One of these organizations is 36-year-old GABRIELA Alliance of Filipino Women, an umbrella alliance that is separate but affiliated with Gabriela Women’s Party, which takes the same stand.
“Against a backdrop of unequal power relations and the historic and systematic oppression of Filipino women, referring to prostitution as ‘sex work,’ and thereby calling for its normalization and legalization, dangerously glosses over, even glorifies, the reality of exploitation and gender-based violence that prostituted women, and women in general, experience,” said GABRIELA secretary general Joms Salvador in response to emailed questions.
Parmanand said that Philippine feminist groups may sometimes have “well-meaning but very conservative interpretations of the prostitution issue.”
“The moment we say there is no possibility of someone making a considered decision, we enable interventions such as rescuing them when they did not want to be rescued. Or we remove any possibility of political agency – they can’t unionize, they can’t advocate for themselves. When they try to speak up for their rights, they are told they are too damaged or too traumatized to be able to adjudicate what is in their best interest,” she said.
While GABRIELA recognizes there are “a few” who have freely chosen to pursue prostitution as a way of living, the economic situation of most puts into question how much of a free choice it really is.
“At the core of such a decision, however, is the fact that women are socialized, hence their options constrained by a socially limited range of economic options, which could not be considered as truly ‘free choice’ at all,” said Salvador.
Dianne resents Gabriela Women’s Party for standing in the way of their earning a living. Gabriela Representative Arlene Brosas has filed an anti-prostitution bill with the 18th Congress which remains pending at the committee level.
“We can’t approach Gabriela [party list] because they are against what we do. We can’t bring ourselves to seek help from other [organizations] representing women either.
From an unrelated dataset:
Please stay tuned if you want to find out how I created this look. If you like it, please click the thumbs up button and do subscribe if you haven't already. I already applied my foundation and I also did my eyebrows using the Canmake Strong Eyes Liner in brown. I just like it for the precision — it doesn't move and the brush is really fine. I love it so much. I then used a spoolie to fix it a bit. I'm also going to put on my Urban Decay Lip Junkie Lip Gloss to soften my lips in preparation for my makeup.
That’s why we decided to form our own group,” Dianne said in Filipino.
Parmanand also found in her research that sex workers who choose the work were not consulted in the formulation of the anti-trafficking law, the Magna Carta for Women, nor the anti-violence against women law.
“We had trafficking survivors, we had former prostituted women who say they did not choose this work, and of course we believe them. But it was only their testimony that was privileged. We never listen to anyone who has engaged in sex work and wants to continue to engage in sex work,” she said.
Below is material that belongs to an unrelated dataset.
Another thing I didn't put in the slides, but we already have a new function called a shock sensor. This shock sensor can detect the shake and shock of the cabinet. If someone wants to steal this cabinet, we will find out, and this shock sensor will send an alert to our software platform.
Protection, not victimization
While firm in its stance to not recognize sex work as legitimate work, GABRIELA advocates for the decriminalization of prostituted women.
“Prostituted women should be considered by both society and the law as victims of violence, abuse, and exploitation, and that they should be accorded with necessary protection instead of being treated as criminals,” said Salvador.
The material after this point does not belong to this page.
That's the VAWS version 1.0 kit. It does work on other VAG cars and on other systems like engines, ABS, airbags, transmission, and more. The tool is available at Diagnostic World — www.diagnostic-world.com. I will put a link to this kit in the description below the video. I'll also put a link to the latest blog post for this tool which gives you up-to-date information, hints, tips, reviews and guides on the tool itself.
But Dianne and Ada don’t want to be seen as victims either. Dianne, a single mother, has been able to provide for her 4 children because of sex work. Even now working in a non-governmental organization, she still engages in sex work when opportunities come. She maintains ties with the VSR, because for some, the group is all they have to find a sense of belonging.
Dianne advocates for the creation of a law that recognizes consensual sex trade and fosters an environment where sex workers would be able to collectivize and advocate for themselves. These spaces, they hope, would also allow them avenues to report abuses when they happen, and respect their work when there are none.
Ada, who belongs to feminist collectives, called for systems that would forward informal and marginalized sex workers’ rights. Organizing and collectivizing have “resulted in gains.”
“It’s empowering to have a community affirming my narrative…Knowing the truth of my lived experiences against these power systems [in oppressive structures] makes me see better spaces where change can happen,” said Ada. – with reports from Ralf Rivas/Rappler.com
*Names have been changed to protect the women’s privacy.